Por Ernesto Águila
Luego de un rechazo inicial en la Comisión de Educación del proyecto de Ley de Educación Superior, éste se aprobó en general -y con ello la idea de legislar- el pasado 17 de abril en el plenario de la Cámara de Diputados. Se destrababa así un proceso legislativo que se encontraba paralizado por casi un año desde que el primer proyecto del Ejecutivo encontrara un rechazo casi unánime de los distintos actores institucionales, políticos y sociales vinculados al tema.
En ese intervalo distintos sectores plantearon sus reparos a la propuesta original del gobierno y levantaron propuestas alternativas. Dentro de éstas cabe destacar el amplio y rico proceso de debate llevado adelante por la Universidad de Chile, de manera triestamental, y que se plasmó en el documento “La Chile piensa la Reforma. Construyamos juntos una educación pública para Chile”, en el cual se fijaron los horizontes estratégicos que debiera inspirar una reforma a la educación superior, así como un conjunto de propuestas específicas en materia de institucionalidad, financiamiento y reconstrucción y fortalecimiento del sistema de universidades públicas.

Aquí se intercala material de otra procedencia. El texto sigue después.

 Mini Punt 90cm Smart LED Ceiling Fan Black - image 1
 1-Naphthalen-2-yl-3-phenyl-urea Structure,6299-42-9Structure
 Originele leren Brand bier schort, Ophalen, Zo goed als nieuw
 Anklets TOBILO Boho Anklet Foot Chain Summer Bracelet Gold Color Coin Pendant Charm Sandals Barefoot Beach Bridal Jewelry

Si uno logra descifrar los acuerdos a la base de este complejo proceso de tramitación del proyecto de educación superior, el escenario para lo que resta de este gobierno -que no es mucho y en año electoral- incluye tres proyectos: a) La ley de educación superior ya mencionada; b) el envío de un proyecto especial para las universidades del Estado (se separa en lo medular este capítulo del actual proyecto), y c) un proyecto específico que reemplaza el actual CAE por un sistema de créditos bajo administración estatal (compromiso adoptado por la Ministra de Educación en el marco de la aprobación de la idea de legislar el proyecto de educación superior).

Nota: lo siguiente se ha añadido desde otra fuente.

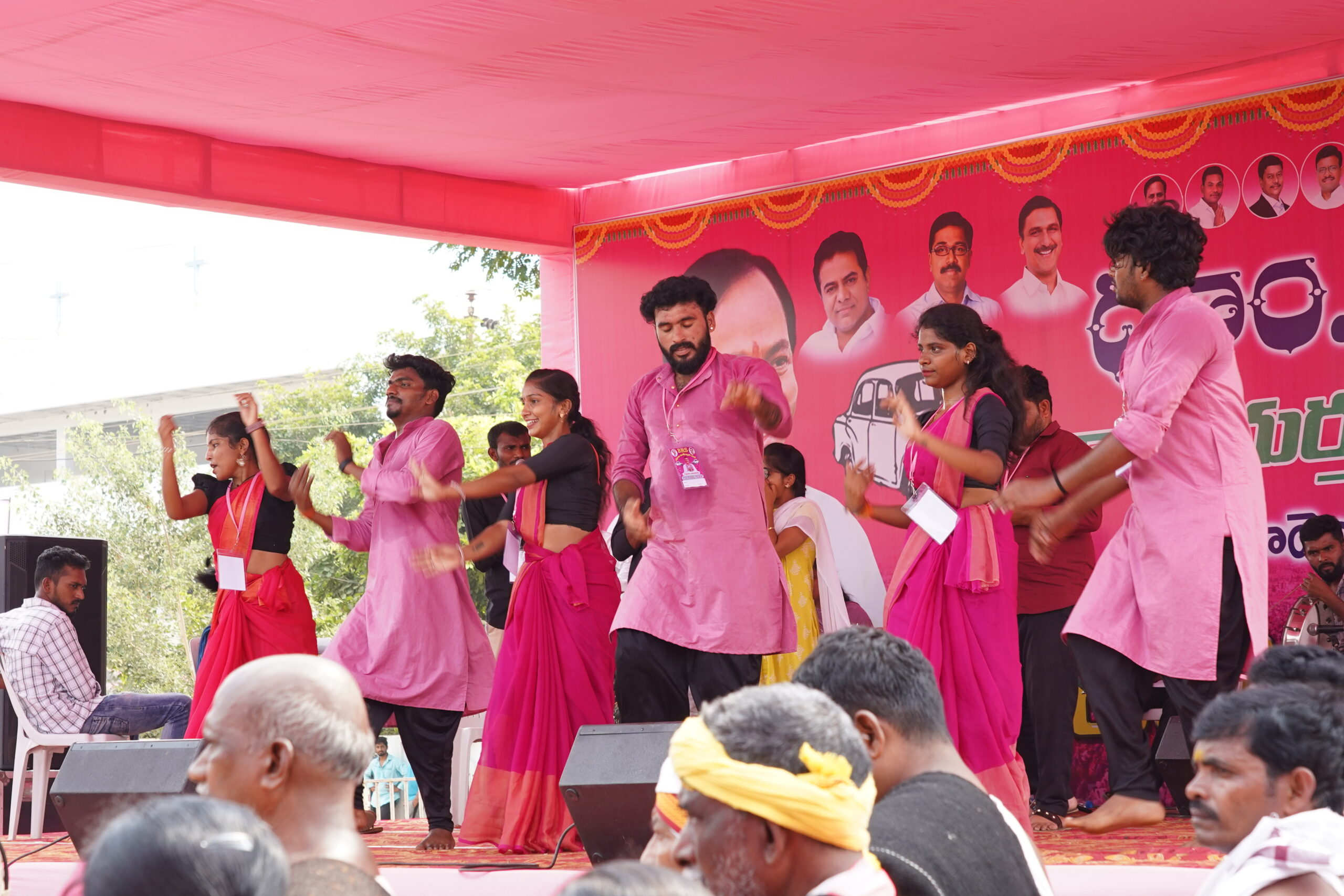 Brs Party President Kcr Participating In Praja Ashirvada Sabha At Kothagudem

¿Que se jugará en cada uno de estos proyectos? La ley de educación superior trae algunos avances -propuesta de institucionalidad para la gratuidad, penalización del lucro, restitución del Aporte Fiscal Directo (AFD), una mayor institucionalidad estatal expresada en una Superintendencia de Educación, institucionalización del CRUCH, obligatoriedad de la investigación dentro de la acreditación; pero en su fondo el proyecto sigue sin cambiar la centralidad del mercado en la definición de la fisonomía y financiamiento del sistema de educación superior. Se intenta regular mejor lo existente, pero no se lo transforma; o se colocan plazos de transición muy largos a ciertas reformas, con el riesgo de que algunas de éstas se pierdan en el camino. Cuando se intenta introducir cambios al modelo, el peligro siempre es que éste pueda terminar por consolidarse. El neoliberalismo se mueve siempre entre la extrema desregulación hacia fases de mayor regulación (y cuando puede vuelve a su desregulación extrema). Pero salir de él es otra historia.

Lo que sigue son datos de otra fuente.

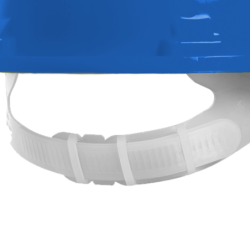 Capacete Proteção HDPE 6P Azul REG. Manu CHEMITOOL SAFETY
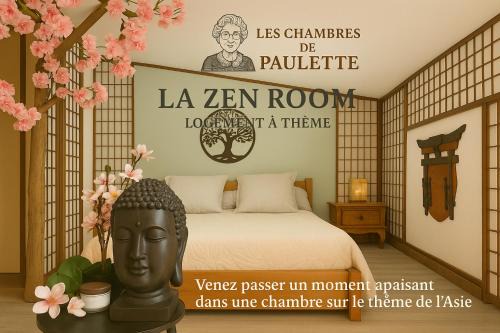 Sainte-Marie-la-Mer Casa | Les Chambres de Paulette a thème LA ZEN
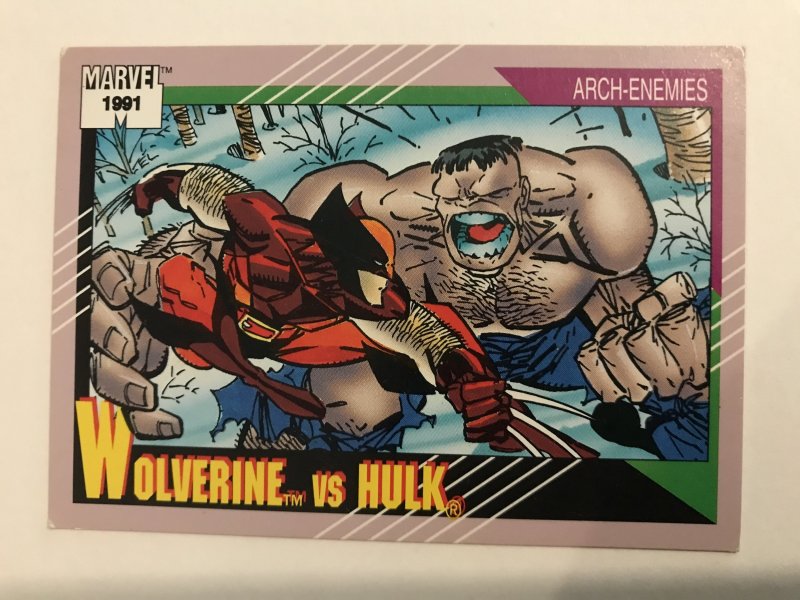 HULK VS. WOLVERINE #108 :  Marvel Universe 1991 Series 2 card; Impel, NM/M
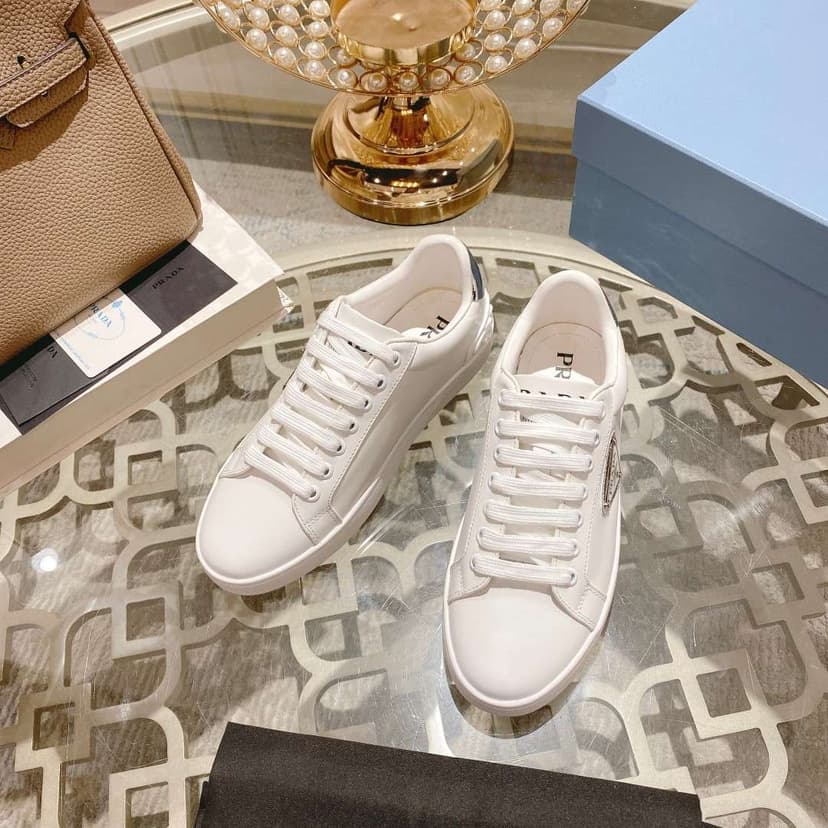 Prada Fyre Low Heel Sneaker White For Women
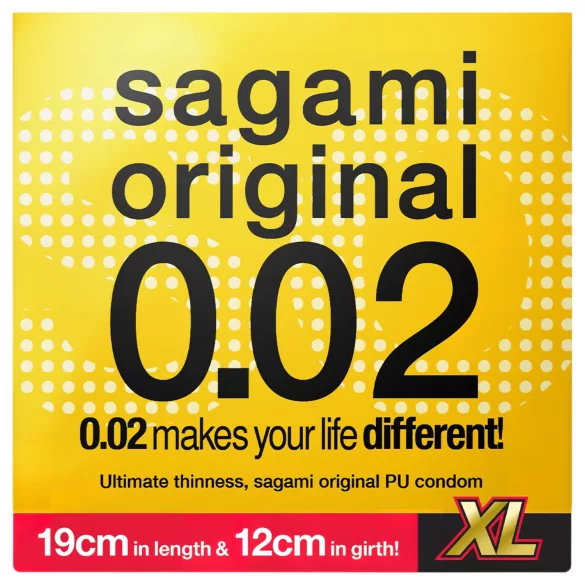 Sagami Original 0.02 XL - condoom - extra groot - 61mm - 1 stuk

El segundo escenario es el proyecto comprometido de eliminación del CAE. En rigor aquí se trata de traspasar este crédito de la banca privada a un ente estatal. Resta por ver si será un cambio real o más bien simbólico y la manera cómo este nuevo crédito dialoga y encaja con un sistema de gratuidad universal progresivo y con el actual sistema de becas. También puede ser el momento para debatir la situación de los endeudados, así como las estratosféricas transferencias estatales actuales a las universidades privadas y a la banca.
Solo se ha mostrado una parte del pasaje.